HTTP/1.0 200 OK Content-Type: text/html Right To Privacy Diminished At School
Pubdate: Wed, 02 Oct 2002
Source: Burlington Post (CN ON)
Copyright: 2002 Burlington Post
Author: David Harris, Criminal Law
Bookmark: (Youth)


Young people are in no different position than adults when it comes to 
police searches. In fact, in some circumstances, such as searches in 
schools, youths may have fewer rights than adults.

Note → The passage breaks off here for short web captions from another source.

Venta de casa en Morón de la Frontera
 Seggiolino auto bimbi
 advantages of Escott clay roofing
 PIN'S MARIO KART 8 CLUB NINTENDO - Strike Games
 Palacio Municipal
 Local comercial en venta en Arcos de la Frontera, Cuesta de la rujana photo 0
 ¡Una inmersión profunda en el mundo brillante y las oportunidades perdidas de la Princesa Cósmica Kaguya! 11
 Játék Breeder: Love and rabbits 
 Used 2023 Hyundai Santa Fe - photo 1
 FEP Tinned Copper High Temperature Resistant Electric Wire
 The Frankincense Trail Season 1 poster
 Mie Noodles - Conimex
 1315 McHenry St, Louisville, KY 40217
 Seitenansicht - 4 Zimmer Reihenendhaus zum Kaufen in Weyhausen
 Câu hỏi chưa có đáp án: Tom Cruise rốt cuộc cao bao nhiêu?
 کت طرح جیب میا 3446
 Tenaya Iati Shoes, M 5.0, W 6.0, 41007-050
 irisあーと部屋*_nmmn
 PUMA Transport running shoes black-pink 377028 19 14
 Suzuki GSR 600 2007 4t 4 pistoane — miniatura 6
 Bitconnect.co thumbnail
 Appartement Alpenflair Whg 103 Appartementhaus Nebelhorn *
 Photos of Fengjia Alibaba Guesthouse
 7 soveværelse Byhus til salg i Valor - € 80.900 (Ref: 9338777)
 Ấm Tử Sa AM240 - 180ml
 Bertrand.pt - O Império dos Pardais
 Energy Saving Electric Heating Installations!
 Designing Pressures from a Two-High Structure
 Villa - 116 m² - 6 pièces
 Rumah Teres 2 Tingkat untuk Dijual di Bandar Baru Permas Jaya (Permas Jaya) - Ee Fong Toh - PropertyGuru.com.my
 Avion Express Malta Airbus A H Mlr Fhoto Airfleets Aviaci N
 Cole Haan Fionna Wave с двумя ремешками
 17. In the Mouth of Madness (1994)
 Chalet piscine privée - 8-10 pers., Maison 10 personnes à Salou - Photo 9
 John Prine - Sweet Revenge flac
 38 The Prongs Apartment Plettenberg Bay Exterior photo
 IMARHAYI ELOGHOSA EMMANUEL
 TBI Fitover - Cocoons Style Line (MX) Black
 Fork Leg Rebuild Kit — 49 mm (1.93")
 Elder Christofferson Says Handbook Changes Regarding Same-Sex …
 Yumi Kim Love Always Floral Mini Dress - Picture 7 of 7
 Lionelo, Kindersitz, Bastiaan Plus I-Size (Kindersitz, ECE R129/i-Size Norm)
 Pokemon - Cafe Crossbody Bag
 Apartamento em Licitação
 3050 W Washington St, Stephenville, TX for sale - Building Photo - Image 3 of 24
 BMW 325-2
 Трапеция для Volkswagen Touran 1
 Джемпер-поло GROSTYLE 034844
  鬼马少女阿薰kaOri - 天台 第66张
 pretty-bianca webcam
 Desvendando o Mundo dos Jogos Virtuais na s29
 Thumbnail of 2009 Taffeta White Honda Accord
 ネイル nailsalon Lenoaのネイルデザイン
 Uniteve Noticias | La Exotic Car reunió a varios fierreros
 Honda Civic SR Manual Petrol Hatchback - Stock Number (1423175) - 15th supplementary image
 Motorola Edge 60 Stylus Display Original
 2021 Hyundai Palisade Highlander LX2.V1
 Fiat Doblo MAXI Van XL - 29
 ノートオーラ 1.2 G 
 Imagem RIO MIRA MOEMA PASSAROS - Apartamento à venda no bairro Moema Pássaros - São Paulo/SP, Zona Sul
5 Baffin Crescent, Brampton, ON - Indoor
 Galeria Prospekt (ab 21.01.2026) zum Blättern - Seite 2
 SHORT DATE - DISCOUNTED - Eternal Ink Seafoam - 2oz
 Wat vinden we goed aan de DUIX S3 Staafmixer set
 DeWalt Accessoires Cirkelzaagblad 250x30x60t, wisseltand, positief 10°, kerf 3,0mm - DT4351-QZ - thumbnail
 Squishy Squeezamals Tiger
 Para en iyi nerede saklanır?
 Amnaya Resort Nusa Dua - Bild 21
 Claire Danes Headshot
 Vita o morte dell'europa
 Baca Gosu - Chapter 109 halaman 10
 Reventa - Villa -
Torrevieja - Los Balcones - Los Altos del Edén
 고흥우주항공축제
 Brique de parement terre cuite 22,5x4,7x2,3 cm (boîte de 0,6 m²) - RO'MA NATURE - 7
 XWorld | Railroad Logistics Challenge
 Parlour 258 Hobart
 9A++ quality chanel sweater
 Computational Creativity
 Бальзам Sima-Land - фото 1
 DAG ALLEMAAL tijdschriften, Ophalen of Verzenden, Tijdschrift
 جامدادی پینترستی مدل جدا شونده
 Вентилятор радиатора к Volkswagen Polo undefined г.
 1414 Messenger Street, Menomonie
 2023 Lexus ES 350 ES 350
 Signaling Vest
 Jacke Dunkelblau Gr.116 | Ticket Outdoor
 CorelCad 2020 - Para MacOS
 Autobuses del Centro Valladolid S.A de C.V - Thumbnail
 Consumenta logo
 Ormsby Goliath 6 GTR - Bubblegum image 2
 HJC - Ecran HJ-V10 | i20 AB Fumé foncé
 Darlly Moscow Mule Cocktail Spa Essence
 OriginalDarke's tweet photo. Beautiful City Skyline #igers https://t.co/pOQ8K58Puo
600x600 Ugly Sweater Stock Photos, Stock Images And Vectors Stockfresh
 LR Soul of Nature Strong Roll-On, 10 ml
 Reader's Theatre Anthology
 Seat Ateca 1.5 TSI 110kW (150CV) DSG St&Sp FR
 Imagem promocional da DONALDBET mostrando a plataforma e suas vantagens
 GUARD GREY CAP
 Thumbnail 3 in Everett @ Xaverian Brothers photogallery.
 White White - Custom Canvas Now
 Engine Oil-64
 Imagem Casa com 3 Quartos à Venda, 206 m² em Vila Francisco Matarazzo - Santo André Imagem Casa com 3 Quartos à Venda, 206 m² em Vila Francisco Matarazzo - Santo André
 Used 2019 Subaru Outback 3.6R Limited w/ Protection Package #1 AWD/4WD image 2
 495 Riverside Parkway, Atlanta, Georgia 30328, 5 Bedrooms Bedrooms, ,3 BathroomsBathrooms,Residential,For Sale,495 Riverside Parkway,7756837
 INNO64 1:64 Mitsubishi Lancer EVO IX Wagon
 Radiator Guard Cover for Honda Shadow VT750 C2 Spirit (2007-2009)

The school year has just started, so let's take a look at this. The Supreme 
Court of Canada considered the issue in a case from Nova Scotia where a 
vice-principal had heard from students that a 13-year-old was selling drugs 
in the school and would be carrying drugs at a school dance. The V-P called 
the RCMP to attend and then asked the accused to accompany him to his 
office. He then questioned the boy until a police officer arrived. The 
officer advised the boy the V-P was going to search him. A plastic bag 
containing a small amount of marijuana was found and the boy was charged 
with possession.

The Supreme Court assumed for purposes of the case that schools constitute 
part of government and that the vice-principal was acting as an agent of 
the police. Accordingly, the Charter of Rights applied to his actions. They 
found however, the search was not unreasonable and the marijuana was not 
excluded from evidence during the trial. The Charter of Rights provides 
that "everyone has the right to be secure against unreasonable search and 
seizure." What is considered to be unreasonable in a particular case will 
be determined largely by the degree of privacy that any individual might 
reasonably expect to have in those circumstances. While a student does have 
a reasonable expectation of privacy, it is significantly diminished in a 
school setting.

While warrantless searches are normally considered to be unreasonable, a 
more flexible and lenient approach is required in schools. A school 
authority must have reasonable grounds to believe there has been a breach 
of school regulations or discipline, and that a search of a student will 
uncover evidence of that infraction. The reasonable grounds may include 
information received from one or more credible students or from a teacher's 
or principal's own observations. Such searches are not limited to drug 
cases and may be permitted in cases where the school officials have 
reasonable grounds to believe that weapons, alcohol or any other contraband 
will be found.

As a result of this decision, students in school have lost a number of 
rights that they enjoy when not in school and a student's expectation of 
privacy is greatly reduced.

At the same time, teachers and principals have been given a great deal of 
deference regarding the information they act on, its reasonableness and the 
credibility of any source. They now have broad powers to search students 
and their lockers.

This decision should not, however, be taken as authority to strip-search 
students. As a teacher and vice-principal at a high school in southwestern 
Ontario learned a few years ago, students still have some expectation of 
privacy, even in a school setting and such invasive proceedings as these 
will be seen to be an unreasonable invasion of the student's rights.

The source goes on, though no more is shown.